» **EXCERPTED RECORDS**:
-------
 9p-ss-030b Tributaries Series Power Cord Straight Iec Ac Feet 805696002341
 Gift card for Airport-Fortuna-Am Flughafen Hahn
-------
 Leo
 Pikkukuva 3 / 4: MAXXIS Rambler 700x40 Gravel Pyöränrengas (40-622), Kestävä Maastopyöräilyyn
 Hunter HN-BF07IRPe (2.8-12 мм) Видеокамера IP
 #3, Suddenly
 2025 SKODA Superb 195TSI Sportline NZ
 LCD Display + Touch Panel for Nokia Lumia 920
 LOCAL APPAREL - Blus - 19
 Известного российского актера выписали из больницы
-------
From the listing above, output exactly the run of lines that starts with the line containing "LOCAL APPAREL - Blus - 19" and ends with the line containing "Известного российского актера".

 LOCAL APPAREL - Blus - 19
 Известного российского актера выписали из больницы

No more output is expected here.